Étant donné le public visé, ici, point d’univers fantasy creusé ou d’univers post-apocalyptique à la limite de la dystopie. Les prémisses de la série sont donc cette fois plutôt basiques (Cassidy a vu la mort en face ; Cassidy peut désormais passez « de l’autre côté » et parler aux fantômes ; Cassidy doit faire face à un fantôme pas sympa par tome), mais elles ont depuis longtemps fait la preuve de leur solidité et de leur efficacité. En revanche, pour un lecteur de plus de 12 ans, ni l’univers, ni le scénario lui-même ne recèle la moindre surprise.
La véritable originalité de cette saga jeunesse réside dans la série TV sur les fantômes que réalisent les parents de Cassidy, et qui offre à Schwab une excellente excuse pour présenter à son jeune lectorat des villes réputées pour leur densité de fantômes au mètre carré : Édimbourg (où l’auteur réside d’ailleurs) et ses cimetières, puis Paris et ses catacombes, avant d’explorer La Nouvelle-Orléans et ses légendes vaudoues dans le tome 3. Toutefois, vu l’épaisseur des romans (à peine 300 pages chacun en VO, et il faut bien caser un scénario là-dedans), les visites se font un peu au pas de charge et on passe d’un site touristique à l’autre sans vraiment creuser l’histoire et les légendes qui s’y rattachent. Pas vraiment un problème lorsqu’on connaît les villes en question, mais la lecture peut laisser un arrière-goût d’inachevé dans le cas contraire.

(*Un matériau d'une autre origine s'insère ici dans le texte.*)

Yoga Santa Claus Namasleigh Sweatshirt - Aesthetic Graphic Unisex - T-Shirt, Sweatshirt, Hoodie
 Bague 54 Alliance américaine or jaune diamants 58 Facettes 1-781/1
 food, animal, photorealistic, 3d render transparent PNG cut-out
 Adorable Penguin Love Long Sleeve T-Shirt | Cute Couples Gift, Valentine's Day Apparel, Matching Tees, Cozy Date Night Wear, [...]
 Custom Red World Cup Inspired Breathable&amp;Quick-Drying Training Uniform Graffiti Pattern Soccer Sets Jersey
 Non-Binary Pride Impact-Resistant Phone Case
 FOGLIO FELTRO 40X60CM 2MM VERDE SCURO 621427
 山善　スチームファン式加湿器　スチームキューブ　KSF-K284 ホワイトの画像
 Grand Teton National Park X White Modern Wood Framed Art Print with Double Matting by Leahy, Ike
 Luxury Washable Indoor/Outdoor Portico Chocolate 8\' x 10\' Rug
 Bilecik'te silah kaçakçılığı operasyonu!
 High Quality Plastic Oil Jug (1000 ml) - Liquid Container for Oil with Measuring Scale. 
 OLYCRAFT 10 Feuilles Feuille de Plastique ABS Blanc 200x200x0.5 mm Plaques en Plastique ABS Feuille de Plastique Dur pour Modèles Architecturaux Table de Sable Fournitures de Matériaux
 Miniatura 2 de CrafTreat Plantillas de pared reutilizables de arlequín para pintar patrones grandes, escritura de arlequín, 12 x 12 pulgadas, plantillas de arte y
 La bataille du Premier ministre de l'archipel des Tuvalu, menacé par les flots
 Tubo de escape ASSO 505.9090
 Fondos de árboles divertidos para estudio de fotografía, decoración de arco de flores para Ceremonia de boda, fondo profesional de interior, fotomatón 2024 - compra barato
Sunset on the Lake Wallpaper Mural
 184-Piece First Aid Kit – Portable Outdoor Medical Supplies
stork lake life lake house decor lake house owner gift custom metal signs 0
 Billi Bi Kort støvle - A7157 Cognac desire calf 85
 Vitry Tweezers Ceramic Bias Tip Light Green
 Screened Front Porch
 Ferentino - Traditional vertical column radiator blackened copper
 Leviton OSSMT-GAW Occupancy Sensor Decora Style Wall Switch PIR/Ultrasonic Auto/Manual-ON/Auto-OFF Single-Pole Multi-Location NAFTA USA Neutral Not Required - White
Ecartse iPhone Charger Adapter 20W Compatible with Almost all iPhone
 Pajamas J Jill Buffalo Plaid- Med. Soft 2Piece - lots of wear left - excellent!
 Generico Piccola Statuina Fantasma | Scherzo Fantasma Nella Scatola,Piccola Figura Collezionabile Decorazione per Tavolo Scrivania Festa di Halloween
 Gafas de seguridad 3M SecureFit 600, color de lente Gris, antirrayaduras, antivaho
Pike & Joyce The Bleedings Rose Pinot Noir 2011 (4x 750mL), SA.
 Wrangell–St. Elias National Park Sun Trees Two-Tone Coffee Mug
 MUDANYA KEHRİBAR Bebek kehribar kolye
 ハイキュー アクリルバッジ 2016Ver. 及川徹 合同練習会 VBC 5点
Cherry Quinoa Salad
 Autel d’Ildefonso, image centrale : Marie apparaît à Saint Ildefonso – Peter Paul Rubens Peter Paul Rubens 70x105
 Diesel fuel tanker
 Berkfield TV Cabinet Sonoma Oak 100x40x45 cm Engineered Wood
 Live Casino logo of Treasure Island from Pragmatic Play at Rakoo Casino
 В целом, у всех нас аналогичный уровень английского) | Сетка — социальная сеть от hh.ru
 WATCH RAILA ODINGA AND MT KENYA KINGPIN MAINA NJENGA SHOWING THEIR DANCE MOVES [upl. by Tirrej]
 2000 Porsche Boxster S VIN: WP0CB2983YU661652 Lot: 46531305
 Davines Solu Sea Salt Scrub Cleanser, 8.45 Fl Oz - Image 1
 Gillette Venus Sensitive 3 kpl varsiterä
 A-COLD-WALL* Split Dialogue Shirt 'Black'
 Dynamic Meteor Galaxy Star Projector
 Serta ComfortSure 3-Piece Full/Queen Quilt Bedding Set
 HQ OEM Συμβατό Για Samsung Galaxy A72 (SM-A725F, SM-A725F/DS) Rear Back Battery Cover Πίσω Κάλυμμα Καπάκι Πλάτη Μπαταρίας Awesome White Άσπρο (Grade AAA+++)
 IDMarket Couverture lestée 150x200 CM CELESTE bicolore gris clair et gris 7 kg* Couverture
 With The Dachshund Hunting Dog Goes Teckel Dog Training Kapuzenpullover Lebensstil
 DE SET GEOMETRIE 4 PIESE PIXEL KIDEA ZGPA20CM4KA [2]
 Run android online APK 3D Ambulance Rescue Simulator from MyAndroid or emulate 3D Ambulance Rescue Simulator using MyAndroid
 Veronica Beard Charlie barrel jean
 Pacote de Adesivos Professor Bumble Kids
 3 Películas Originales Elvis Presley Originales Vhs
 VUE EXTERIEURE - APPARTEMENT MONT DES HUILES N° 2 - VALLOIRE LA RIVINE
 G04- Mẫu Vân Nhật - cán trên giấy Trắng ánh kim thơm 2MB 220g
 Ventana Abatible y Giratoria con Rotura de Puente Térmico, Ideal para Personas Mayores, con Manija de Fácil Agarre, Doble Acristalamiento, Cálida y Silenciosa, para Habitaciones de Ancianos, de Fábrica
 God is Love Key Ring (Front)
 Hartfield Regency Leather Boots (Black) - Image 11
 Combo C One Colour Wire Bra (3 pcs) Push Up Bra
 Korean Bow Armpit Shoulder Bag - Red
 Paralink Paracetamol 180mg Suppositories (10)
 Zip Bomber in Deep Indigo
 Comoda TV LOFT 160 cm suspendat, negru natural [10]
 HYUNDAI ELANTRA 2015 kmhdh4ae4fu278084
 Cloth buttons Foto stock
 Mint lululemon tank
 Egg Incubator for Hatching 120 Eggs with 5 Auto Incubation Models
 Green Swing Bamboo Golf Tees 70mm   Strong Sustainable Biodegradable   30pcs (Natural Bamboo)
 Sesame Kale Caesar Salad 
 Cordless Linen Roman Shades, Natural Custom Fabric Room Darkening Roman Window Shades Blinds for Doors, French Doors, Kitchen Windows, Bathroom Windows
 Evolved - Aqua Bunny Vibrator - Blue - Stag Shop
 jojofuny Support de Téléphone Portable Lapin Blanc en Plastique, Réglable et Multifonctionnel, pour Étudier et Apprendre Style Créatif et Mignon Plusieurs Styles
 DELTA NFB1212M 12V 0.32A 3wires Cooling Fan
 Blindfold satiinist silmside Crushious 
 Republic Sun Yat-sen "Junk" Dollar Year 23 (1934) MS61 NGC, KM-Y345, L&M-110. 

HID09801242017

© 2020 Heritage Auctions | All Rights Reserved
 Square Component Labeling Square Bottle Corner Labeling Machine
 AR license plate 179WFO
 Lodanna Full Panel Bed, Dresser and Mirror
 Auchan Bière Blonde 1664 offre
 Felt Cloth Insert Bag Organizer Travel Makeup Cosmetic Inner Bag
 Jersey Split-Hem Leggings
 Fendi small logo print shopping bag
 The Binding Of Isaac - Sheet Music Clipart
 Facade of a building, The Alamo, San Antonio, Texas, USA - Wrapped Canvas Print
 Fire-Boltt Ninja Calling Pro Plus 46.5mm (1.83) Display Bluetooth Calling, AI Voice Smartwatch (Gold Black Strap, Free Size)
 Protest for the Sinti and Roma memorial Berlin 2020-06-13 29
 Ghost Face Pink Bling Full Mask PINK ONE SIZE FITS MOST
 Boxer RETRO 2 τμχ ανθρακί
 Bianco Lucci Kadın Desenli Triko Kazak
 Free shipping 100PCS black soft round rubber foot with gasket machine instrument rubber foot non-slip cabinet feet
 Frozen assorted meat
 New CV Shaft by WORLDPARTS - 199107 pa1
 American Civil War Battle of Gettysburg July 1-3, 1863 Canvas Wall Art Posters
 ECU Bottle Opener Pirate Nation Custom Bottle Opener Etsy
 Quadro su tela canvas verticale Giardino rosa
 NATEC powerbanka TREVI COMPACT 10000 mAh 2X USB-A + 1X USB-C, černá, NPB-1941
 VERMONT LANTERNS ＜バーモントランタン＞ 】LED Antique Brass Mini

Même si le style de l’auteure n’est pas aussi travaillé que dans ses romans pour adultes, il reste impossible d’accuser Schwab de mal écrire. Les romans se lisent très vite et la série ne devrait pas tirer en longueur, dans la mesure où le périple de la famille Blake est limité aux vacances d’été de Cassidy. Cette dernière et son ami Jacob (qui prend de l’ampleur dans le tome 2) sont d’ailleurs terriblement attachants, même si on peut reprocher à l’auteur d’avoir sombré dans un travers propre à la littérature jeunesse : les enfants sont tous extraordinairement dégourdis, et les parents, un brin aveugles et pas très futés.
Vous l’aurez sans doute compris, à l’âge canonique de l’auteure de cette chronique (pourtant grande admiratrice de Schwab en temps normal), difficile de se laisser vraiment emporter par les aventures fantomatiques de la jeune Cassidy. Mais les plus jeunes, eux, devraient y trouver leur content d’aventures et de (gentils) frissons.